Respondent, Harold H. Higgins, was a licensed real estate broker at Hartline, Washington, about ninety miles distant from Spokane. Appellant, Maud Egbert, a widow living in Spokane, owned one hundred sixty acres of farm land near Marlin, approximately forty-five miles southeast of Hartline.

On February 18, 1946, respondent called on appellant at her home for the purpose of obtaining from her a listing of her land for sale. The parties then and there, entered into an oral agreement whereby respondent was to have an exclusive listing for a specified period in which to sell the farm at a price of twelve thousand dollars. Respondent was to receive a commission of five per cent for procuring a purchaser. There is a dispute in the evidence as to what length of time was orally agreed upon by the parties as constituting the term of the exclusive listing. Respondent testified that it was to be sixty days; appellant testified that it lyas to be only thirty days.
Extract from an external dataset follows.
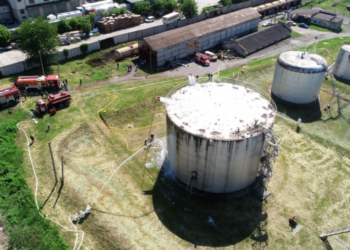 Удосконалювали навички: у Тернополі відбулося спецнавчання рятувальників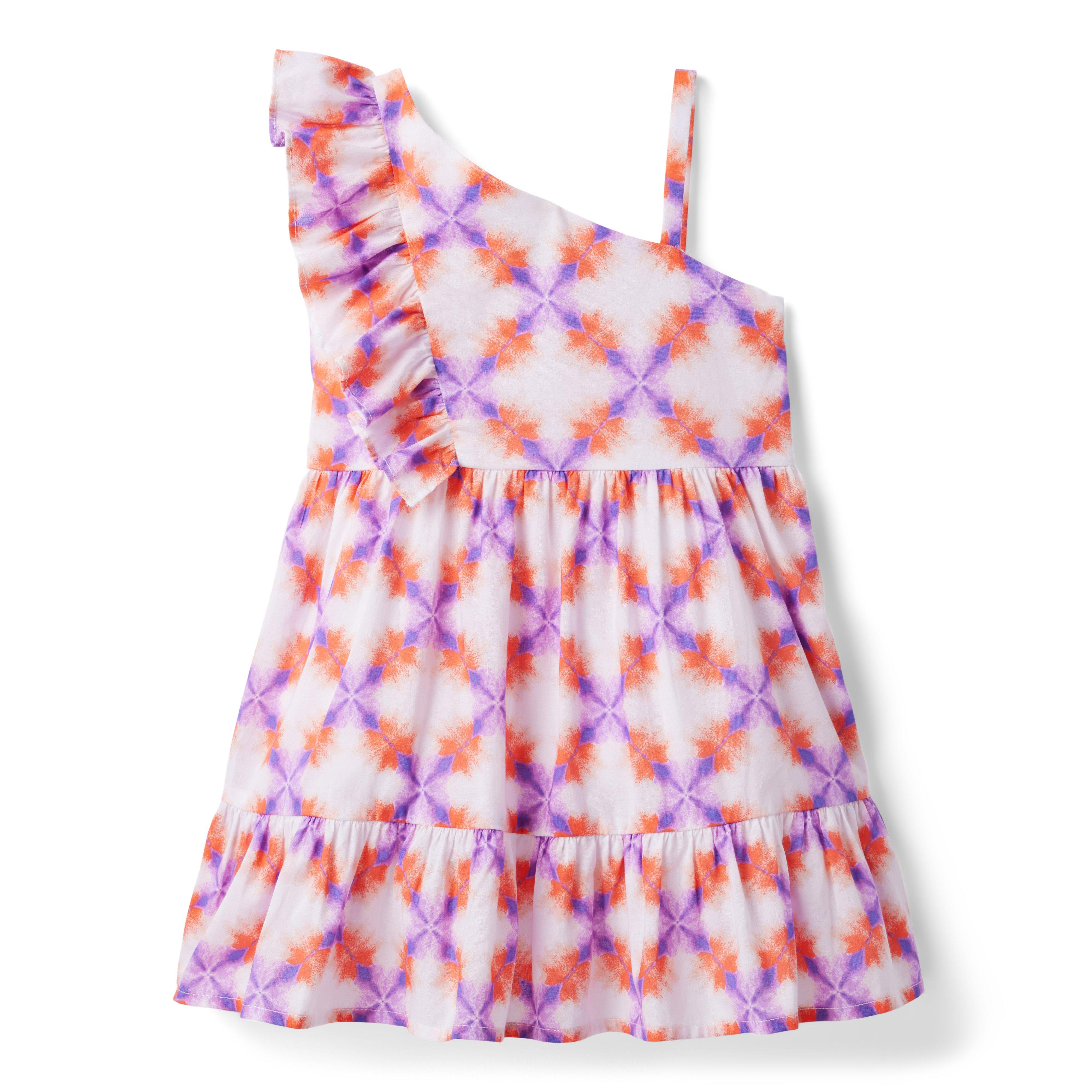 Tie Dye Cold Shoulder Sundress image number 1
At the conclusion of this conference, respondent returned to Hartline and, shortly thereafter, prepared what is termed a listing agreement, on a form regularly used by him, containing a description of the property, the terms of the proposed sale, a promise on the part of appellant to pay respondent a commission of five per cent for procuring a purchaser, and other data. The length of time designated therein as the term of the exclusive listing was “60 days.” The instrument was dated February 18, 1946, the same date as that of the oral agreement. On the following day, February 19th, respondent sent the prepared listing agreement to the appellant by mail, accompanying it with a letter reading as follows:

“Mrs. Maude Egbert Febr, 19th, 1946

“Spokane Washington

“Dear Mrs. Egbert: Inclosed you will find listing as per our agreement of yestuday morning, please sign the same and return to me, as I have great hopes of being able to bring up the money to you very soon.

“Thanking you kindly for this listing and assureing you that I am now at work trying to sell the same,

“Yours very truly

“H. H. Higgins”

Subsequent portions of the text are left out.